**EXERCISE OBJECTIVE:** Begin at the line that contains "this 474×640 image." and reproduce it along with every line after it to the end of the listing; skip any pictures.

=== Section Start ===

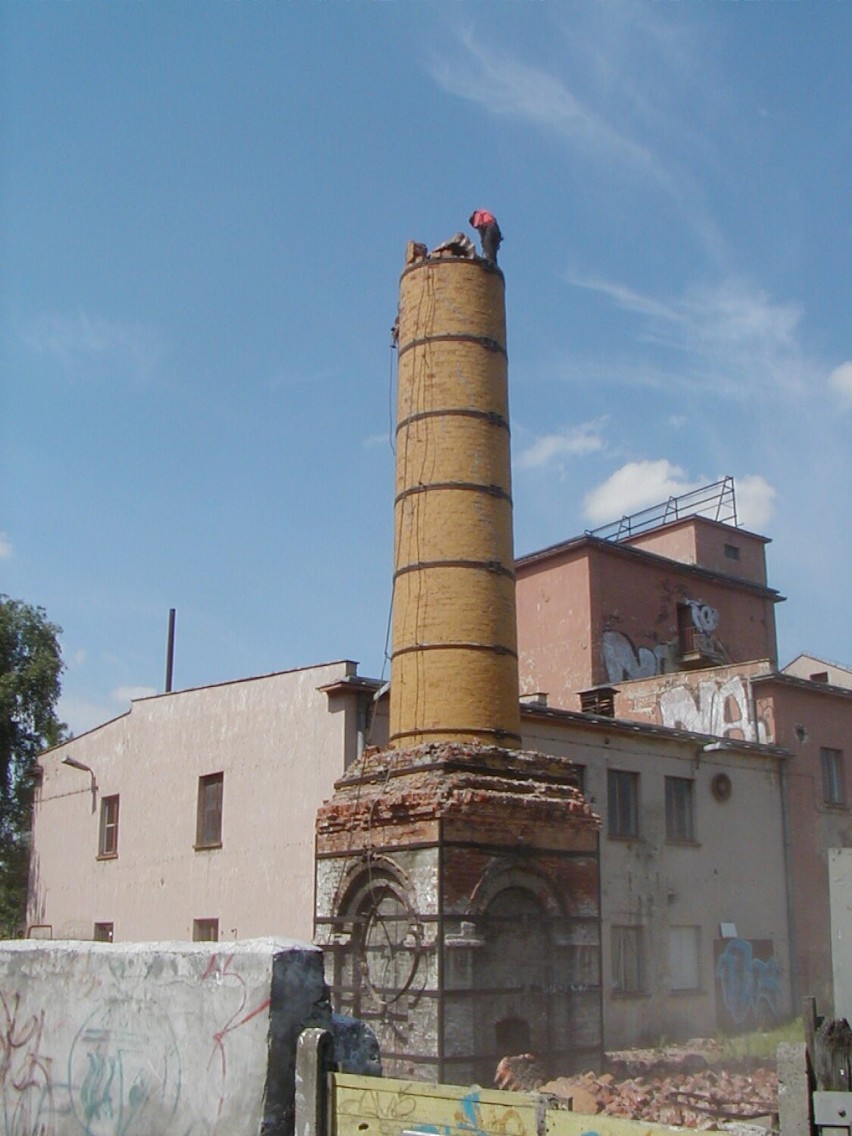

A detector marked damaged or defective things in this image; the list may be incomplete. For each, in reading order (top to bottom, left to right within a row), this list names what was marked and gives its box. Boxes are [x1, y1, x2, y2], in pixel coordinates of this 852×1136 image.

broken window [98, 796, 120, 856]
broken window [196, 772, 223, 844]
broken window [604, 768, 640, 840]
broken window [664, 776, 692, 840]
broken window [820, 744, 844, 808]
broken window [608, 928, 644, 988]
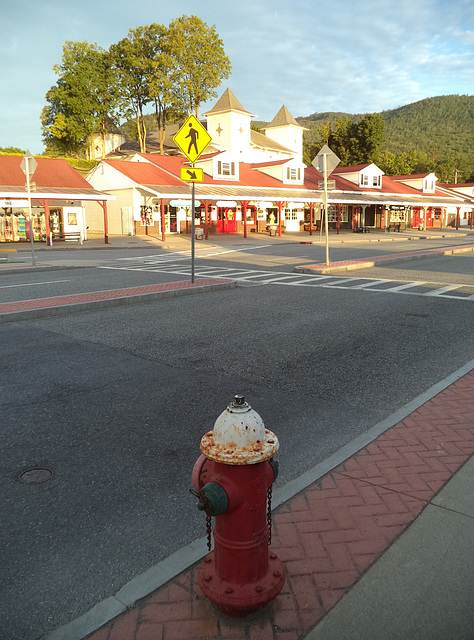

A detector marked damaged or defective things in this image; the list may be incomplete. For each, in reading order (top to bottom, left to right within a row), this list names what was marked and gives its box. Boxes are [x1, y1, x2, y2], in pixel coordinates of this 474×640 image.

rusty hydrant top [199, 396, 278, 464]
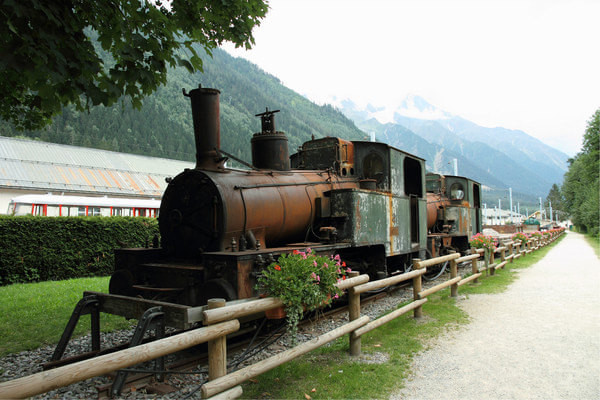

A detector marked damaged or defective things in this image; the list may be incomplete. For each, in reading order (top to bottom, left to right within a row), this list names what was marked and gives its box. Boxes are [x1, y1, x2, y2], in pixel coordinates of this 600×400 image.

rusty locomotive boiler [109, 86, 436, 308]
rusty locomotive boiler [426, 173, 482, 258]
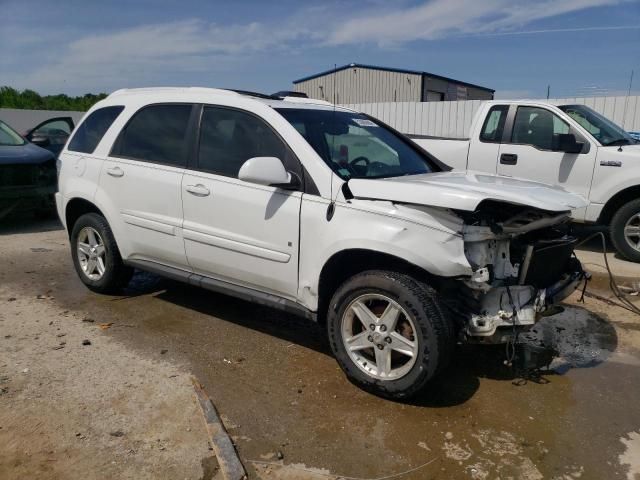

=== Section End ===

**TASK ANSWER:**
A detector marked damaged or defective things in this image; the list may be incomplete. For each, in reading order (top to bottom, left to right within a row), this list names what was marked and gives its box. Boxes are [x1, y1, x2, y2], in pixel coordinates of this 474×640 image.

rusty hydrant top [199, 396, 278, 464]

A detector marked damaged or defective things in this image; the list may be incomplete. For each, in reading order (top to bottom, left to right within a row), this list names what was marked and gives its box. Boxes are [x1, y1, x2, y2], in pixel coordinates of this 600×400 image.

rusty locomotive boiler [109, 86, 436, 308]
rusty locomotive boiler [426, 173, 482, 258]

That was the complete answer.